Here's another great tip for working inside the dark interior of an acoustic. Get yourself a fluorescent light bulb that will slip through the soundhole. They don't create a lot of heat and provide great light in which to work.

Fluorescent Light

After the drilling, there will be a lot of sawdust inside the guitar plus some good sized chunks of the tail block. I placed my central vacuum cleaner against the hole I had created and blew into the soundhole. Most of the sawdust is sucked out through the 1/2" hole. For the remaining pieces, I put Gorilla tape over the end of the vacuum and fed plastic fishtank air tubing down the suction control vent and taped it in place. Then it was a simple process of feeding the narrow tube down inside the guitar to grab all the bigger chunks. This tubing comes in handy when needing to fish volume and tone pots in and out of semi-acoustic guitars with F holes. You just attach the tubing to the shaft of the pot and drag it up through the pot's hole in the body. Works like a charm!

Vacuum Contraption

Endpin Jack Installed

Gibson helped out a little by predrilling holes in each end of the saddle slot to accomodate the installation of UST pickups. If they weren't there, I would have to drill a slanted hole in the corner of the saddle (usually on the bass side) and fish the Element UST through the hole. Finding the hole is easier with the fluorescent light inside. Sticking a toothpick in the hole helps find it too.
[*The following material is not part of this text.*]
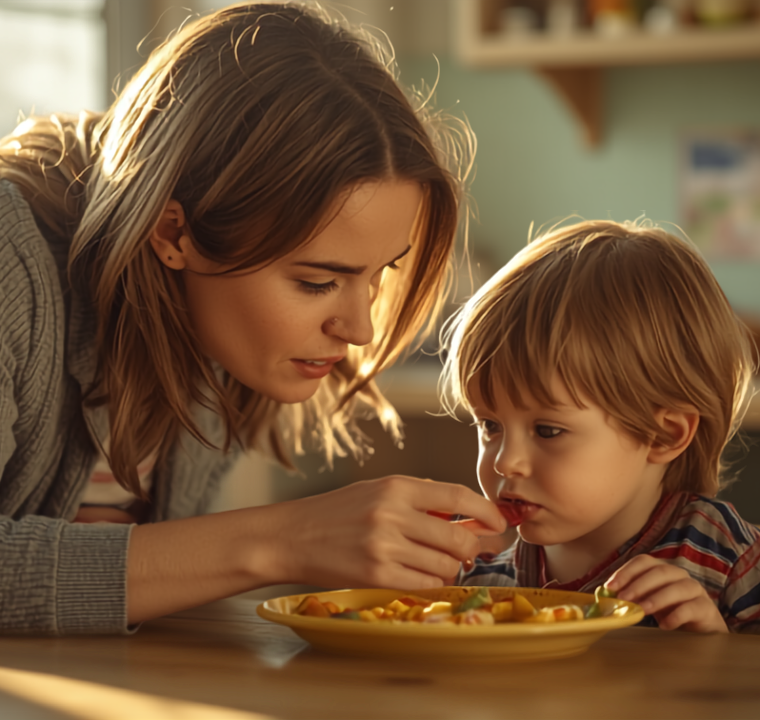 Alimentation et TCA en crèche : repérage et prévention pour les équipes petite enfance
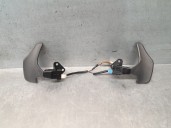 Recambio de mando volante para toyota aygo (_b1_) 1.0 (kgb10_) referencia OEM IAM 846100D020 846100D020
Predrilled UST Hole in Magic's Saddle Slot

Before putting the Element in, I traced a line across the saddle flush with the top of the bridge. This will be a reference for when the saddle is installed over the UST. The end 1/8" of the Element isn't active so I measured this distance and made a mark to indicate it. If the saddle didn't have enough clearance past the high E string, another slanted hole is drilled in the treble end of the slot to allow the UST's active area to rest under the high E string.

Both Saddle Heights Marked

Marking the End of the Active Area of the UST

The Element installed, I turned my attention to the iBeam. The iBeam attaches to the underside of the bridge plate with double sided sticky foam. This makes it easy to remove and/or reposition it without damaging the guitar. Baggs has a very efficient system for putting the pickup in the right place. They supply a plastic "fixture" or "jig" that allows you to position the iBeam before you put it in the guitar. The "fixture" is just a piece of plastic which holds the iBeam in place with sticky tape and a couple of rods that you use to guide the fixture with the iBeam attached through the bridge holes from underneath.

iBeam Prepared on the Fixture

The bridge plate must be smooth and flat for the iBeam to work properly. I discussed above how I repaired Magic's bridge plate. Here is a photo of the plate after being filled with wood filler and then sanded flat.

Filled Bridge Plate

Filler Sanded Flat

I positioned the iBeam on the fixture over the saddle by looking down through the clear plexiglass of the fixture. Once it is directly over the saddle, it is pressed down with the top of the iBeam sticking to the fixture's doublesided tape. Then the whole thing is lowered into the soundhole, the pins are lifted up through the bridge holes and the fixture pulled up so the double sided tape on the iBeam will stick to the bridge plate. Having done this a few times, I have found that making the iBeam VERY loose on the fixture is important. Then just pull up on the rods so the iBeam touches
the guitar enough to make the tape on the iBeam stick a little so you can put your hand inside the soundhole and push on just the iBeam to make it fast. Then you can wiggle the fixture loose from the iBeam. If the iBeam is stuck really well to the fixture, you can't get the fixture off of it without dislodging the iBeam from the guitar.

iBeam Installed

The placement of the iBeam relative to the Element is also important. You should take care not to cover the hole the Element is going through. That's why installing the Element first is a good idea.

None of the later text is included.